(Pictures with short captions)
───
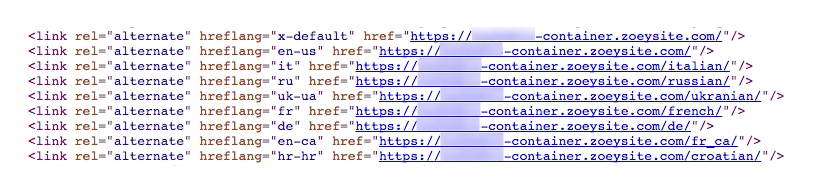 Sample Hreflang Tags in HTML Head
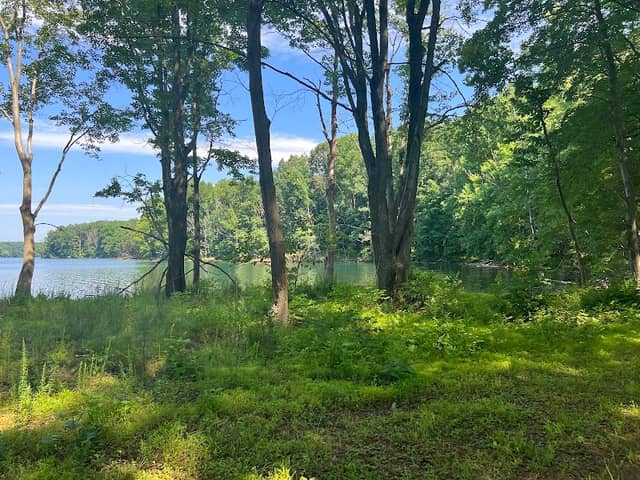 Shorline Trail - Image 1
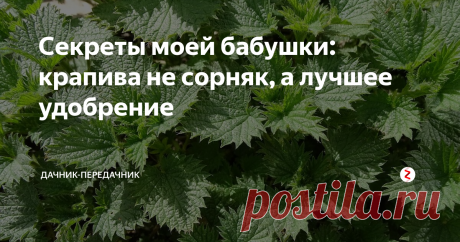 Секреты моей бабушки: крапива не сорняк, а лучшее удобрение Есть в наших огородах (или рядом с ними) растение, которое используется не так часто. А напрасно. Природа щедро наделила его целым «букетом» минеральных и микроэлементов, витаминов, аминокислот. Речь идет о  знакомой всем с детства крапиве.
Когда моя бабушка заявила, что каждому в своем саду нужен крапивный куст, я подумала – ну вот, очередная блажь. И только когда подросла, узнала, как она распор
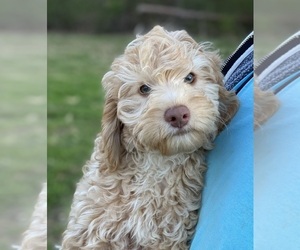 Australian Labradoodle Puppy for sale in REIDSVILLE, NC, USA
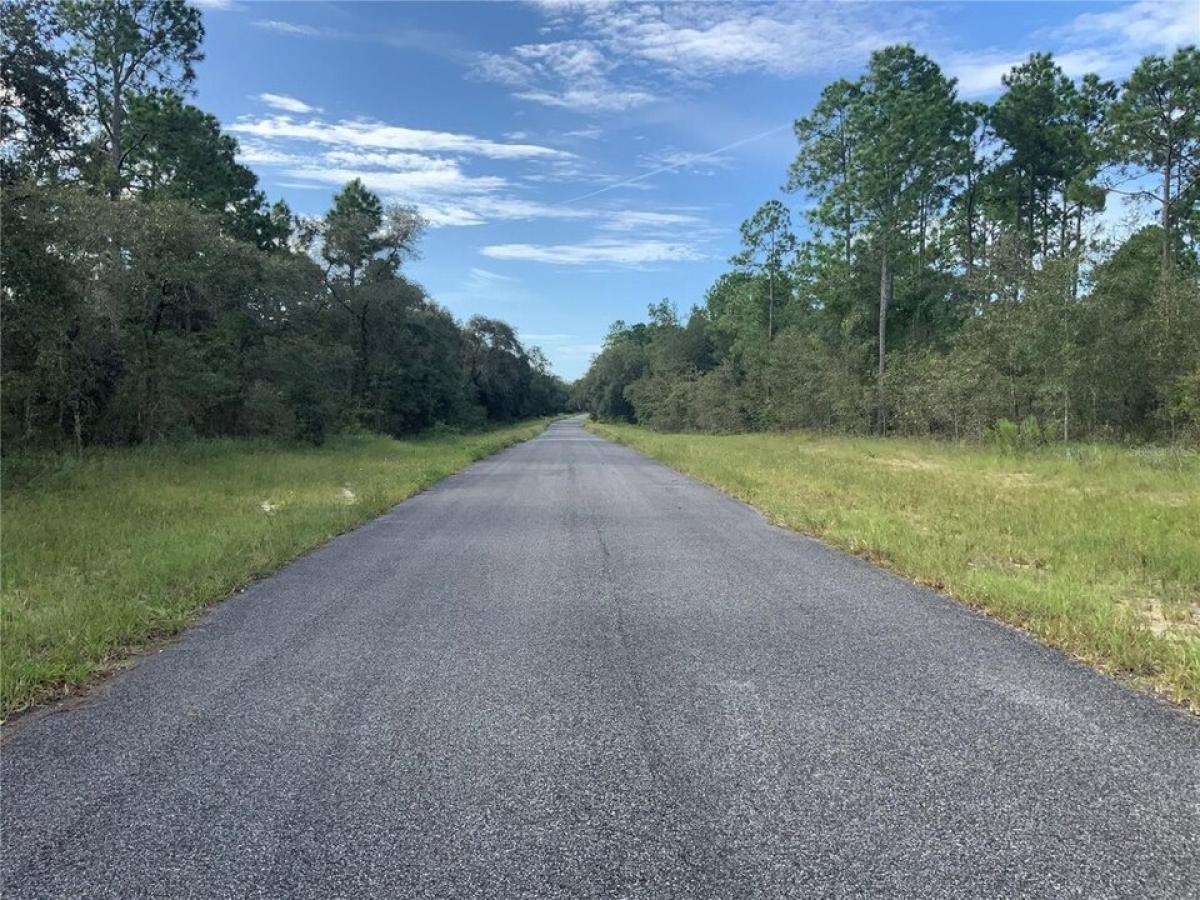 Picture of Residential Land For Sale in Morriston, Florida, United States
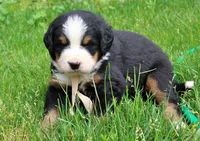 Caden, a male Bernese Mountain Dog for sale in Pomona, MO – 7 of 9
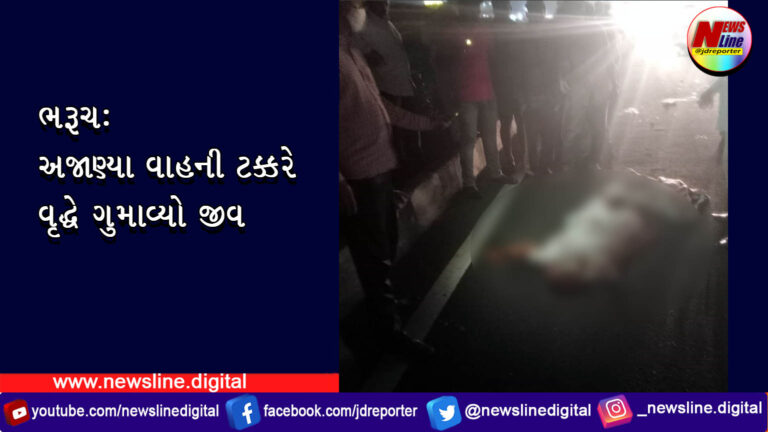 ભરૂચ: અજાણ્યા વાહની ટક્ક્રરે વૃદ્ધે ગુમાવ્યો જીવ ભરૂચ: અજાણ્યા વાહની ટક્ક્રરે વૃદ્ધે ગુમાવ્યો જીવ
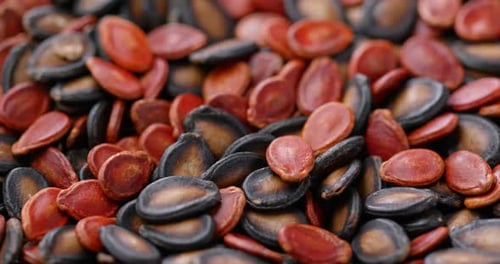 Mix Black and red melon dry seed for chinese new year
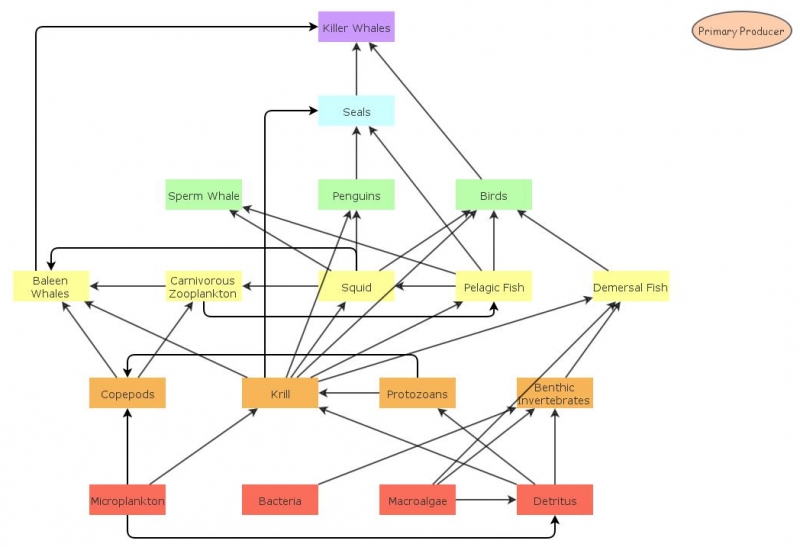 Antarctic Food Web Insight Maker Antarctic Food Web Insight Maker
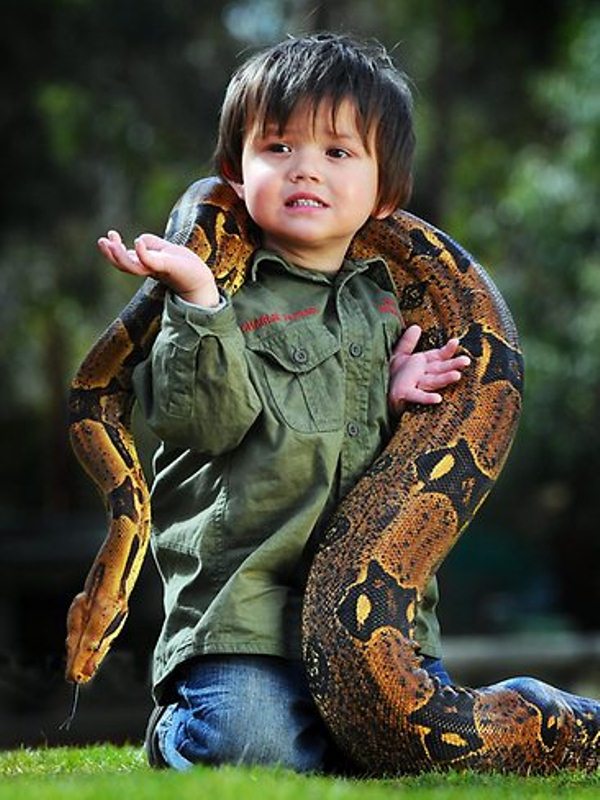 Фотография: 2-летний рейнджер укрощает рептилий №6 - BigPicture.ru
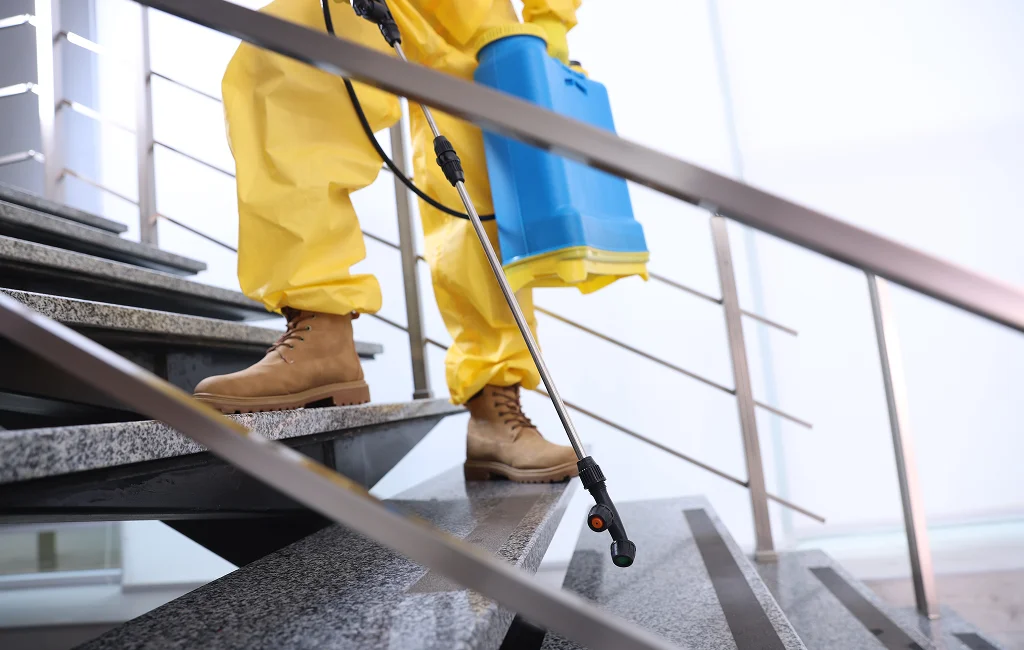 Pest Inspection Services Eagle County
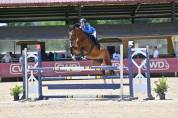 Magnifique jument KWPN de 7 ans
───
ASSIGNMENT: Restate the lines above from the one containing "Секреты моей бабушки: крапива" through the one containing "Antarctic Food Web Insight Maker Antarctic", inclusive, exactly and without pictures.

EXERCISE RESPONSE:
 Секреты моей бабушки: крапива не сорняк, а лучшее удобрение Есть в наших огородах (или рядом с ними) растение, которое используется не так часто. А напрасно. Природа щедро наделила его целым «букетом» минеральных и микроэлементов, витаминов, аминокислот. Речь идет о  знакомой всем с детства крапиве.
Когда моя бабушка заявила, что каждому в своем саду нужен крапивный куст, я подумала – ну вот, очередная блажь. И только когда подросла, узнала, как она распор
 Australian Labradoodle Puppy for sale in REIDSVILLE, NC, USA
 Picture of Residential Land For Sale in Morriston, Florida, United States
 Caden, a male Bernese Mountain Dog for sale in Pomona, MO – 7 of 9
 ભરૂચ: અજાણ્યા વાહની ટક્ક્રરે વૃદ્ધે ગુમાવ્યો જીવ ભરૂચ: અજાણ્યા વાહની ટક્ક્રરે વૃદ્ધે ગુમાવ્યો જીવ
 Mix Black and red melon dry seed for chinese new year
 Antarctic Food Web Insight Maker Antarctic Food Web Insight Maker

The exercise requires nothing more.